Ante un pasado convulso y traumático, nuestra democracia se cimentó sobre un espíritu de reconciliación. Los españoles habían luchado en bandos enfrentados, pero habían sabido perdonarse y miraban hacia adelante. En resumen, declararon que el enfrentamiento había prescrito y se negaron tanto a reivindicar la II República como a ocultar la realidad de la dictadura bonapartista de Franco. No se trató de olvidar, sino precisamente de no olvidar para no repetir el error y la desgracia.
Lo más relevante de la reciente profanación y exhumación del cadáver momificado del general Franco, casi 44 años después de su fallecimiento -hecho acaecido, por cierto, en la Residencia de La Paz de la Seguridad Social, inaugurada por él- es que se trata de otro paso más de la trama para romper el sistema. Y, a ello, habría que añadir la gravedad de la ominosa sentencia marchenita del TS, que sanciona la clara indefensión del ciudadano español, carente “de facto” de derechos y convertido en un incapaz, frente a la voluntad omnímoda y arbitraria del hobbesiano poder político.

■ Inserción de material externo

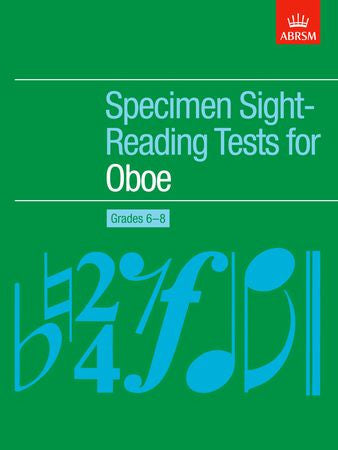 Specimen Sight-Reading Tests for Oboe, Grades 6-8  9781854728906   upc 9781854728906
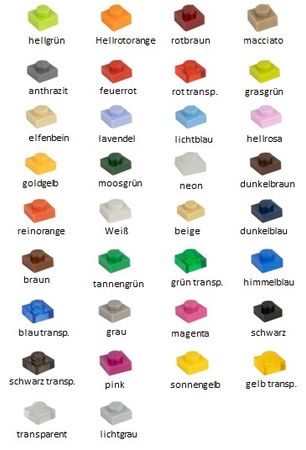 Q-Bricks Kindergarten Bausteine Gebäudemischung im Koffer  500 Stk.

Que el matonismo del poder ejecutivo y el atropello político hayan sido bendecidos por el poder judicial, con un vergonzoso nihil obstat, es un hecho tan sumamente grave que apuntala la defunción de nuestro Estado de Derecho, sepultando definitivamente la obra De l’esprit des loix del Barón de Montesquieu; o haciendo burla y mofa de aquello que escribiera el escritor y jurisconsulto romano, Publio Ovidio Nasón, hace más de dos mil años: “Inde datae leges, ne fortior omnia posset”(“Las leyes están para que el poderoso no lo pueda todo”)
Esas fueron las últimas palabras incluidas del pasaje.